── Data section ──

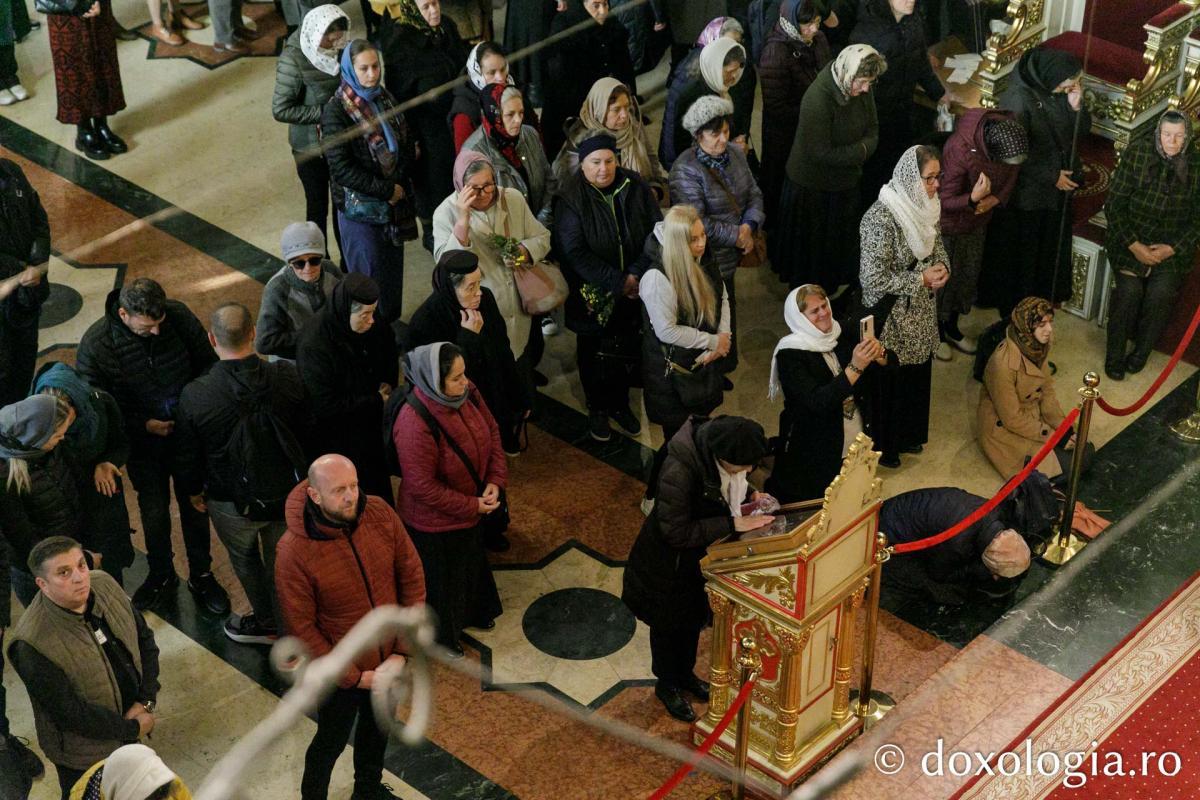 Sfânta Liturghie în cea de-a cincea zi de pelerinaj la moaștele Sfintei Parascheva / Foto: pr. Silviu Cluci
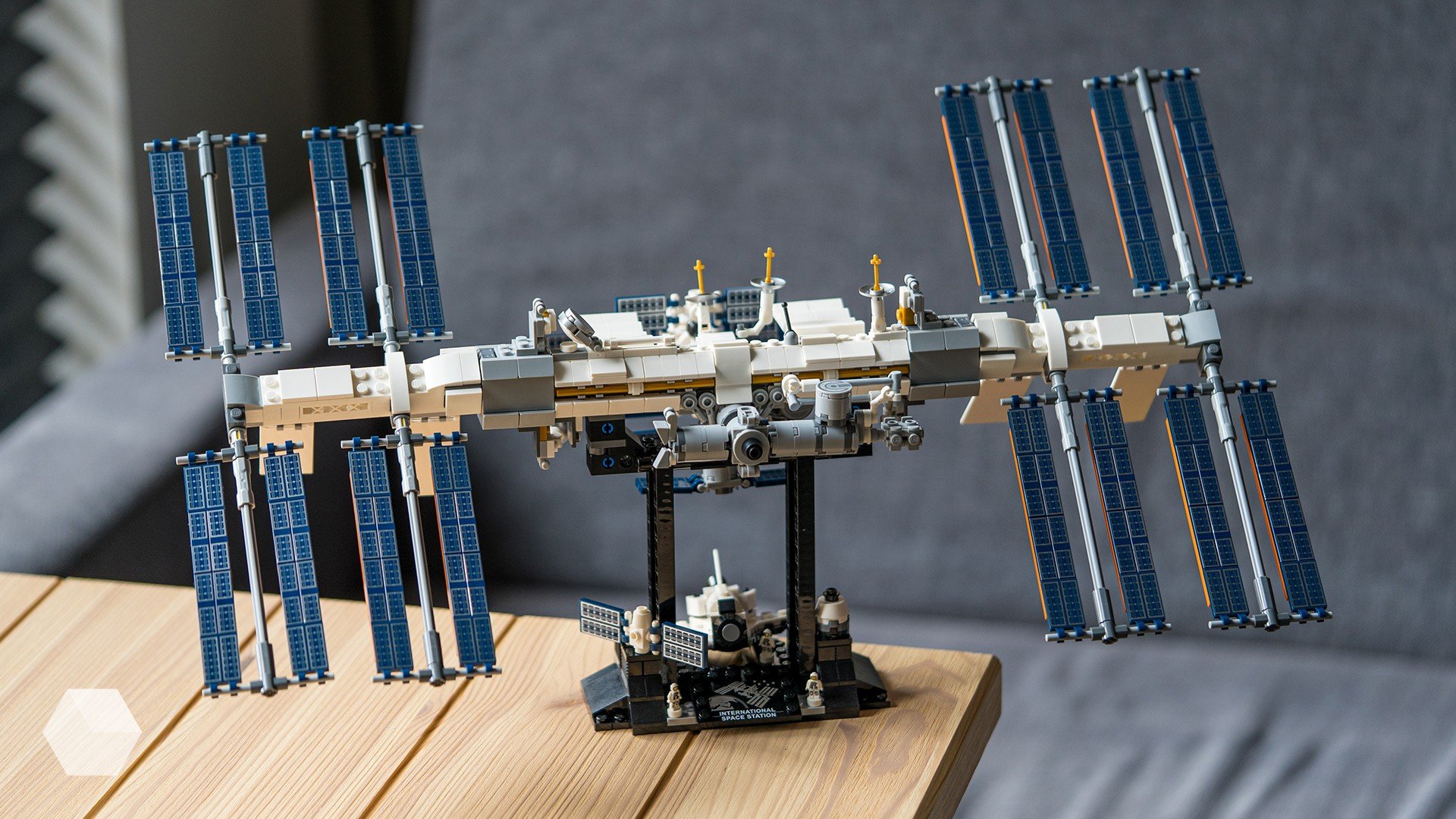 Интервью с дизайнером набора LEGO Ideas МКС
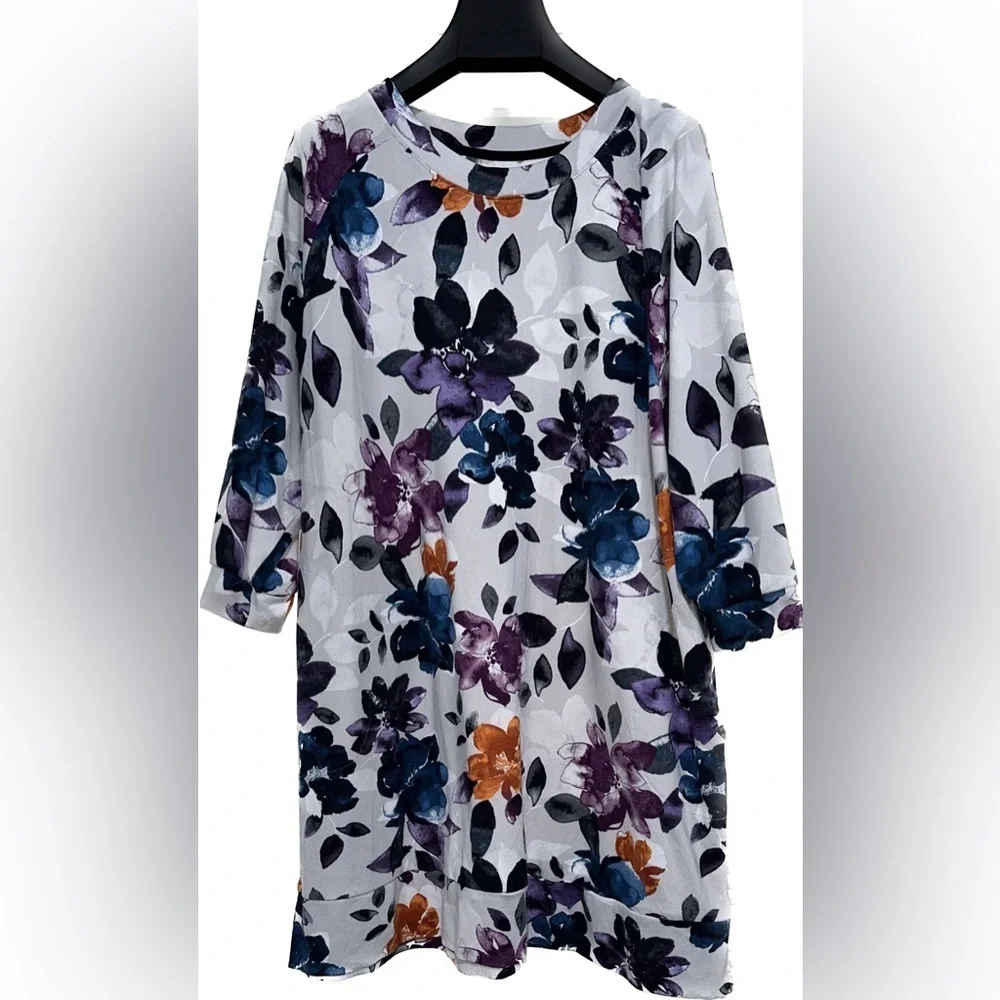 Simply Vera Dress - Picture 1 of 3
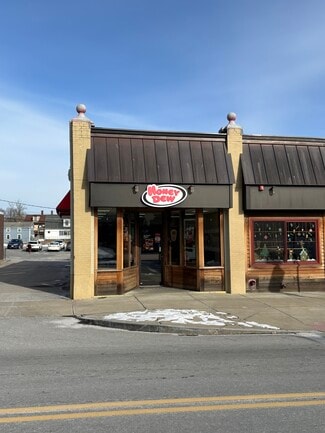 Middleboro, MA Retail - 57 Center Ave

───

Problem to solve: The finished copy should match the data above word for word and contain no pictures.

Task solution:
 Sfânta Liturghie în cea de-a cincea zi de pelerinaj la moaștele Sfintei Parascheva / Foto: pr. Silviu Cluci
 Интервью с дизайнером набора LEGO Ideas МКС
 Simply Vera Dress - Picture 1 of 3
 Middleboro, MA Retail - 57 Center Ave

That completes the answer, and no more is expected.